Adventsblog 12.12.2020

Advent ist Hoffnung

12.12.2020 | ADVENT 2020 | Dotschy Reinhardt

Lichterkette am Tannenbaum 2020-12-12

© EAzB/A.Czekalla

Was bedeutet es, wenn mein 1.-Advent-Facebook-Post über 130 Mal „geliked“ wird? Es kann bestimmt nicht an meiner besonderen Handfertigkeit liegen, denn so prachtvoll ist die Komposition aus ein, zwei Tannenzweigen, gespickt mit ein paar roten Beeren, zwischen denen eine Bienenwachs-Kerze herausragend leuchtet, nicht.

Die Adventszeit lädt wohl wirklich zur Besinnlichkeit ein. Breitet sich eine Sehnsucht nach Frieden aus, vor Gedanken und Zweifel, die nicht zur Ruhe kommen lassen? Das kann schon sein, wobei die Ängste und Hoffnungen wohl so unterschiedlich sind, wie die Menschen in ihren jeweiligen Lebensumständen.

Während sich die Privilegierten vom Konsumdruck der Vorweihnachtszeit gestresst fühlen, bangen andere um das Leben eines geliebten Menschen.

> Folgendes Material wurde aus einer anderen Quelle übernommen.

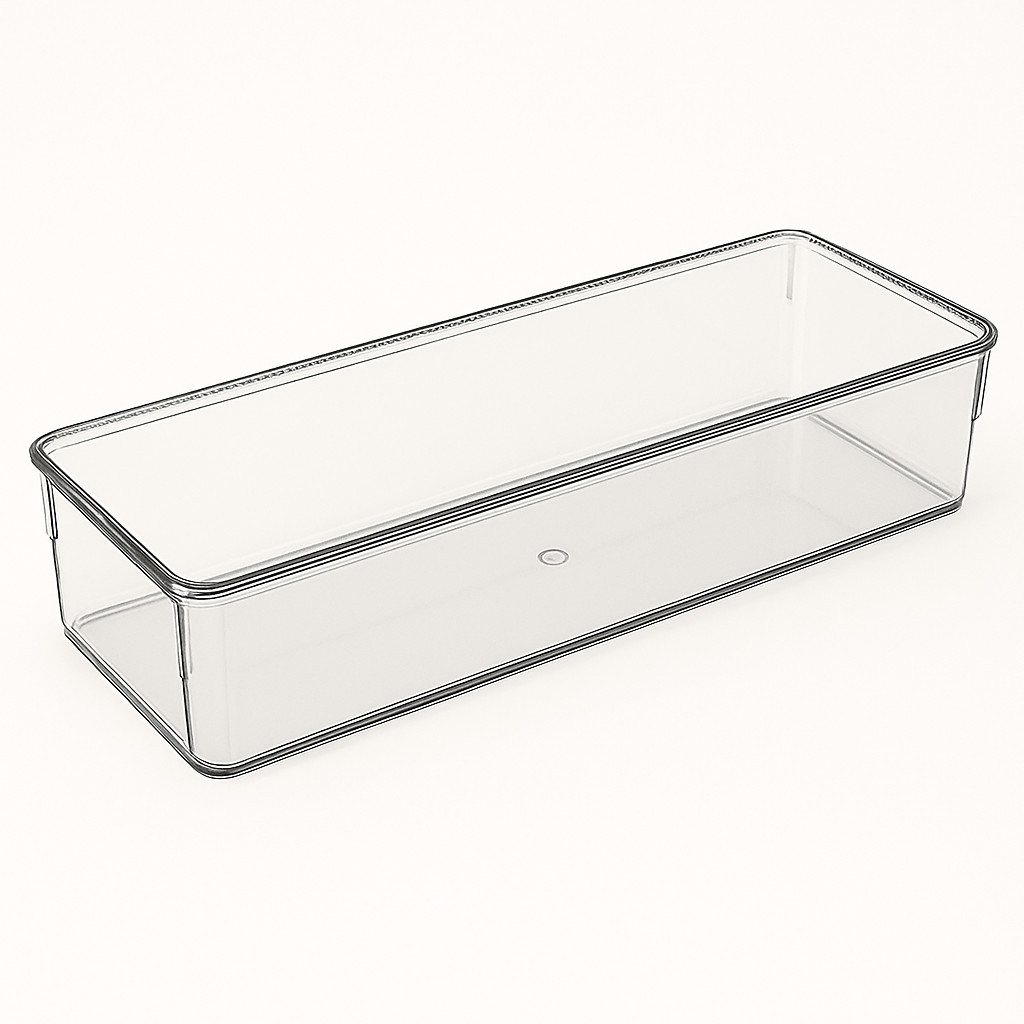 Imagem Kit 1 até 10 Unidades Organizador Multiuso Modular Acrílico Cesto Cristal Maquiagem Gaveta Geladeira 8,7 x 23,7 x 5,5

Der Zweifel daran, ob ein Familienmitglied, eine Freundin oder ein Freund sich nächstes Jahr auch noch am Adventslicht oder einfach am „Zusammensein“ erfreuen darf - oder bereits nicht mehr im Kreis der Familie verweilt?

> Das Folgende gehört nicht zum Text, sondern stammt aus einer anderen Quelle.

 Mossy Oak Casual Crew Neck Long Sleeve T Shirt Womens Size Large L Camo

Andere fragen sich, ob Freund*innen und Angehörige in einem von Rassismus, Krieg, Angst und Hunger regierten Land genug Schutz und ausreichend zu essen haben.

Wieder andere haben es satt, Weihnachten und Silvester wieder einsam verbringen zu müssen. Und es gibt welche, die froh sind, dass dieses Jahr das große Familienfest ausfällt und lästige Verwandtschaft nicht an Heiligabend vor der Tür steht.

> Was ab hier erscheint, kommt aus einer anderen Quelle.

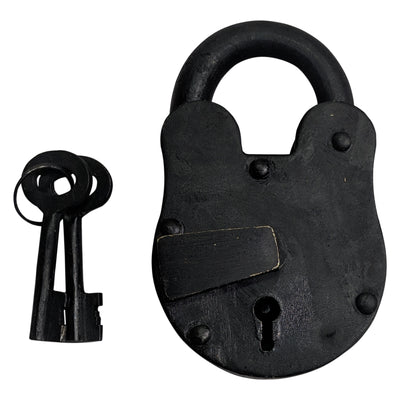 65mm Handmade Antique Iron Padlock - Black Powder Coated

Mir fällt eine Adventsgeschichte von einem unbekannten Autor ein, die wir den Kindern jedes Jahr gerne erzählen:

Vier Kerzen brannten am Adventskranz. Es war still. So still, dass man hörte, wie die Kerzen zu reden begannen. Die erste Kerze seufzte und sagte: „Ich heiße Frieden. Mein Licht leuchtet, aber die Menschen halten keinen Frieden, sie wollen mich nicht." Ihr Licht wurde immer kleiner und verlosch schließlich ganz. Die zweite Kerze flackerte und flackerte und sagte: „Ich heiße Glauben. Auch ich bin überflüssig. Die Menschen wollen von Gott nichts wissen. Es hat keinen Sinn mehr, dass ich brenne." Ein Luftzug wehte durch den Raum und die Kerze war aus. Leise und sehr traurig meldete sich nun die dritte Kerze zu Wort: „Ich heiße Liebe. Ich habe keine Kraft mehr zu brennen. Die Menschen stellen mich an die Seite. Sie sehen nur sich selbst und nicht die anderen, die sie liebhaben sollen." Und mit einem letzten Aufflackern war auch dieses Licht ausgelöscht. Dann kam ein Kind ins Zimmer. Es schaute die Kerzen an und sagte: „Aber, aber, ihr sollt doch brennen und nicht aus sein!" Und es fing an zu weinen. Da meldete sich auch die vierte Kerze zu Wort. Sie sagte: „Hab' keine Angst! Solange ich brenne, können wir auch die anderen Kerzen wieder anzünden. Ich heiße Hoffnung." Mit einem Streichholz nahm das Kind ein Licht von der Kerze und zündete die anderen Kerzen wieder an.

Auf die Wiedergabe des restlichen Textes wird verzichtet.